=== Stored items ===
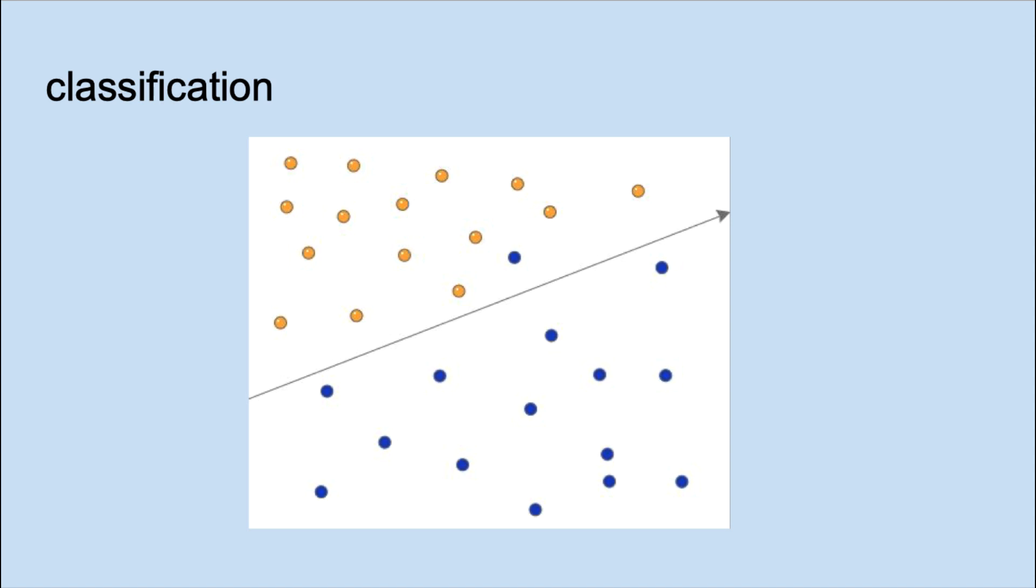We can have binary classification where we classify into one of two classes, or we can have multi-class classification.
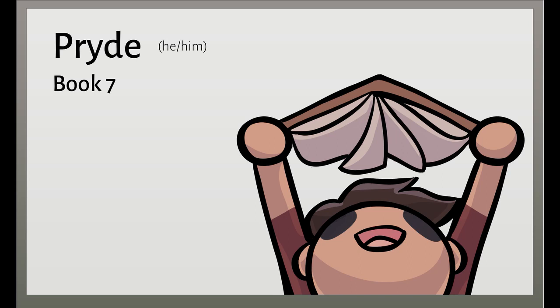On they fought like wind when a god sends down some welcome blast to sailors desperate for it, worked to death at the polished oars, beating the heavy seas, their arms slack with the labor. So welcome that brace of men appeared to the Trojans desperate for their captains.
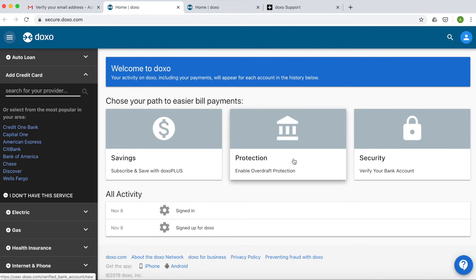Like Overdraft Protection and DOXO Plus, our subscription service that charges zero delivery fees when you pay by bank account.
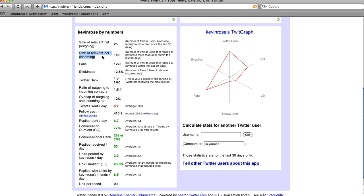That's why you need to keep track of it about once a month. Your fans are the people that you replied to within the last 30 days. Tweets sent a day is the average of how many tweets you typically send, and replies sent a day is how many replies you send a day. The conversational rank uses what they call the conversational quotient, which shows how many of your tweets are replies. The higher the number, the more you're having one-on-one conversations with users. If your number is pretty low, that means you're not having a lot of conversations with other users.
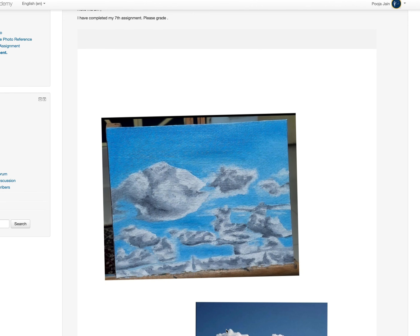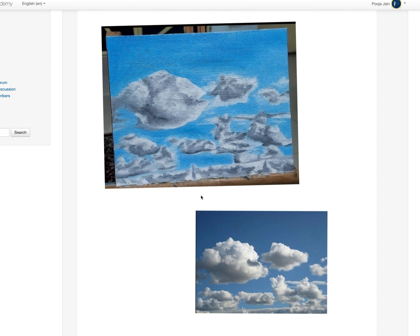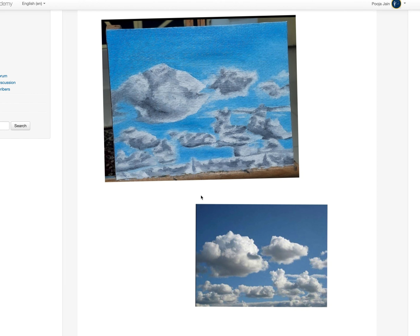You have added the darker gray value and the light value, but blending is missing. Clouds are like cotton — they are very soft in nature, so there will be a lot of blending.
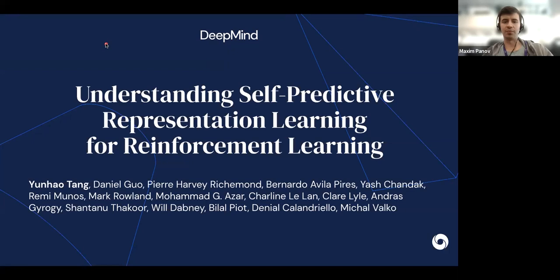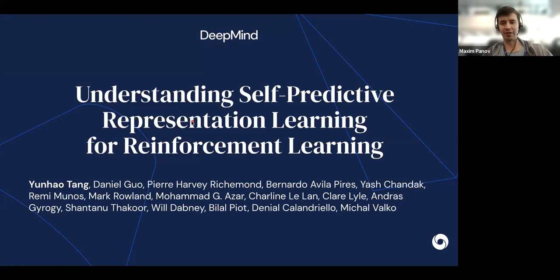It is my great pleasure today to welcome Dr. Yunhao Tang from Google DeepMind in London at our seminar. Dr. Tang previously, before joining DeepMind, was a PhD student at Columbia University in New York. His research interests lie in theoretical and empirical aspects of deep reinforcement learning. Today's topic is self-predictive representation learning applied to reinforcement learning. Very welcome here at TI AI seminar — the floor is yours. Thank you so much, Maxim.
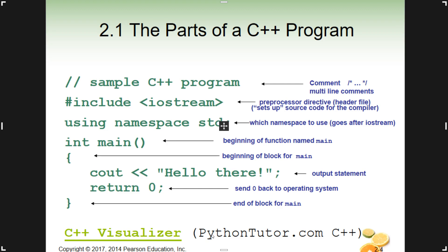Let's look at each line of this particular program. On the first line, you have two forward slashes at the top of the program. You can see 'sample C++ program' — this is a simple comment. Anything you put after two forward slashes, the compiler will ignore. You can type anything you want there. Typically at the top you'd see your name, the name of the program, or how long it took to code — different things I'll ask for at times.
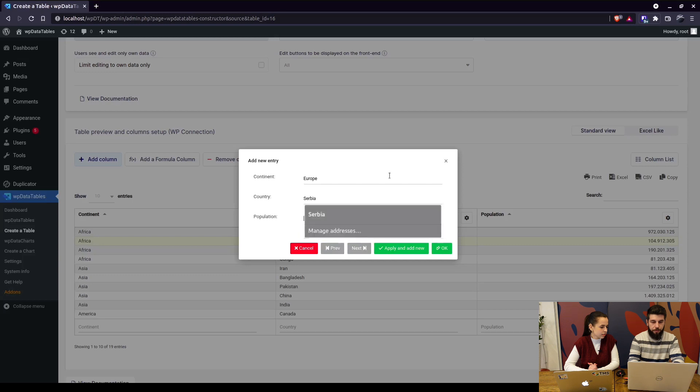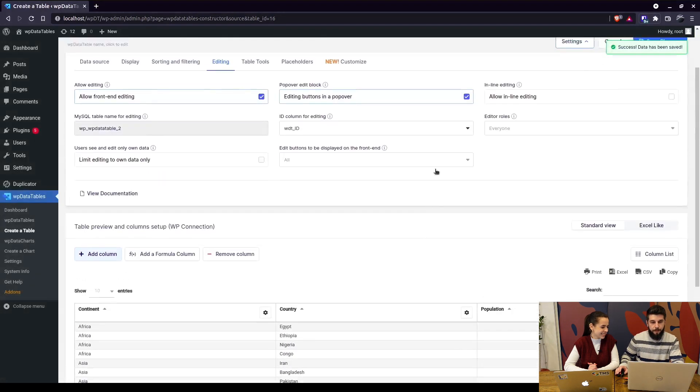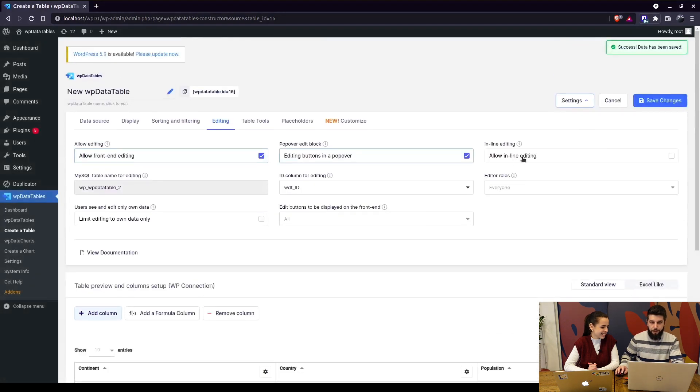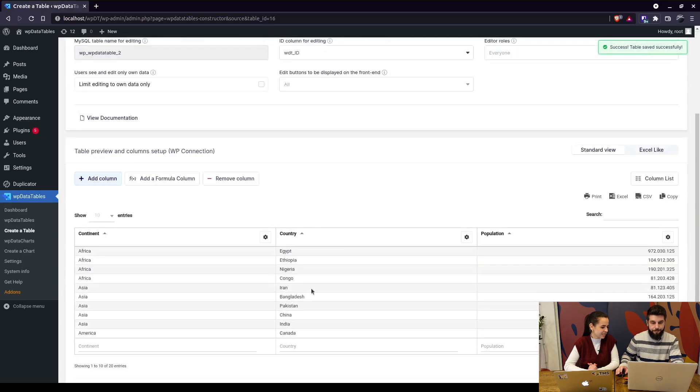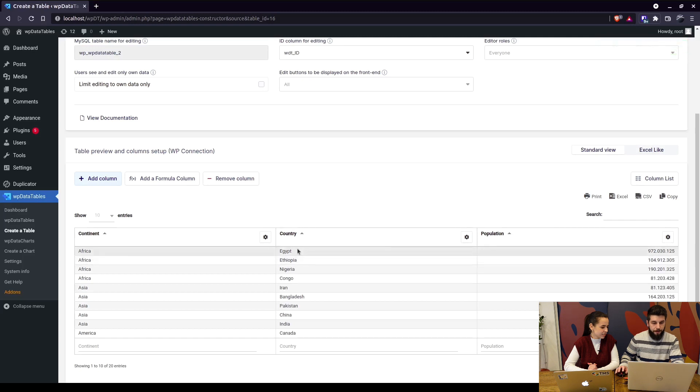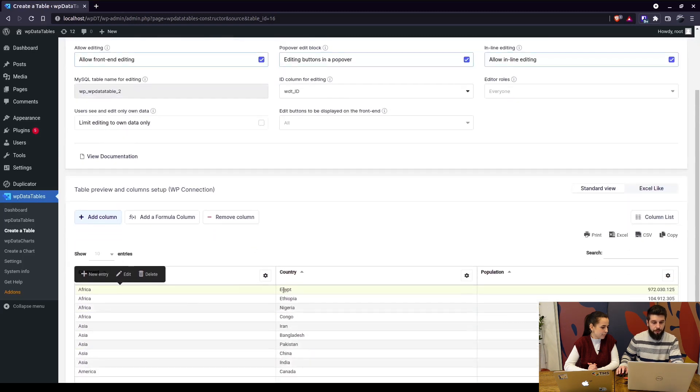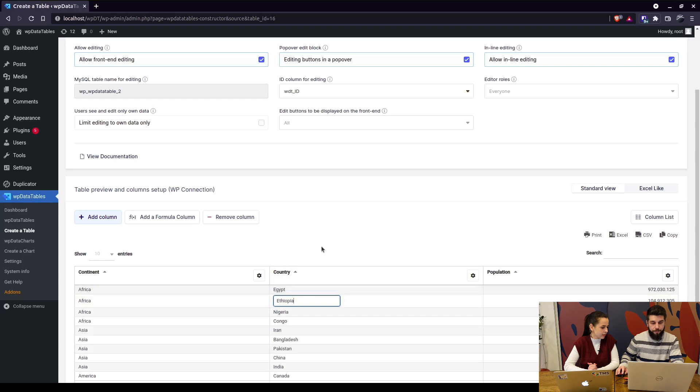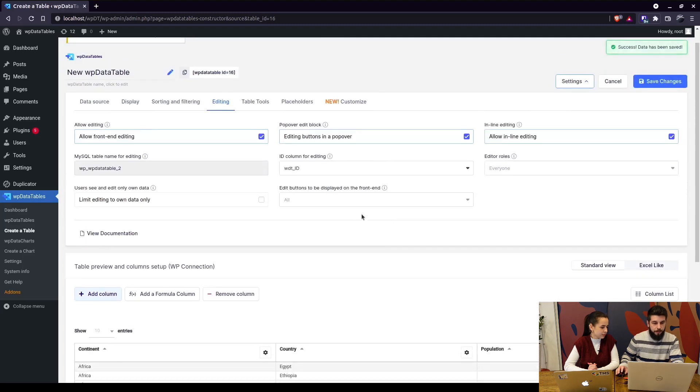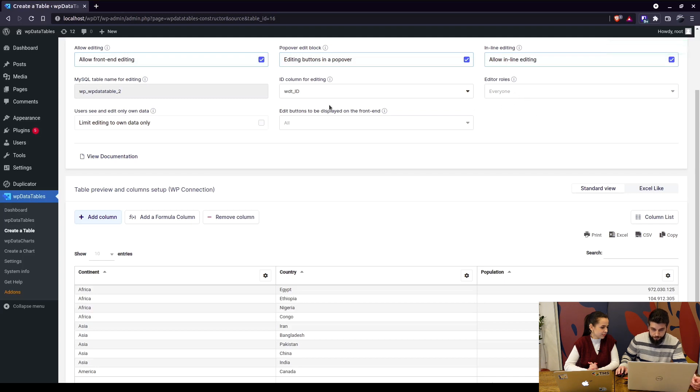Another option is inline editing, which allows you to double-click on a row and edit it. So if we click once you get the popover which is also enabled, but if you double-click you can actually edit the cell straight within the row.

=== Required action ===
Drop the pictures and set down the data above exactly.

=== Response to the exercise ===
We can have binary classification where we classify into one of two classes, or we can have multi-class classification.
On they fought like wind when a god sends down some welcome blast to sailors desperate for it, worked to death at the polished oars, beating the heavy seas, their arms slack with the labor. So welcome that brace of men appeared to the Trojans desperate for their captains.
Like Overdraft Protection and DOXO Plus, our subscription service that charges zero delivery fees when you pay by bank account.
That's why you need to keep track of it about once a month. Your fans are the people that you replied to within the last 30 days. Tweets sent a day is the average of how many tweets you typically send, and replies sent a day is how many replies you send a day. The conversational rank uses what they call the conversational quotient, which shows how many of your tweets are replies. The higher the number, the more you're having one-on-one conversations with users. If your number is pretty low, that means you're not having a lot of conversations with other users.
You have added the darker gray value and the light value, but blending is missing. Clouds are like cotton — they are very soft in nature, so there will be a lot of blending.
It is my great pleasure today to welcome Dr. Yunhao Tang from Google DeepMind in London at our seminar. Dr. Tang previously, before joining DeepMind, was a PhD student at Columbia University in New York. His research interests lie in theoretical and empirical aspects of deep reinforcement learning. Today's topic is self-predictive representation learning applied to reinforcement learning. Very welcome here at TI AI seminar — the floor is yours. Thank you so much, Maxim.
Let's look at each line of this particular program. On the first line, you have two forward slashes at the top of the program. You can see 'sample C++ program' — this is a simple comment. Anything you put after two forward slashes, the compiler will ignore. You can type anything you want there. Typically at the top you'd see your name, the name of the program, or how long it took to code — different things I'll ask for at times.
Another option is inline editing, which allows you to double-click on a row and edit it. So if we click once you get the popover which is also enabled, but if you double-click you can actually edit the cell straight within the row.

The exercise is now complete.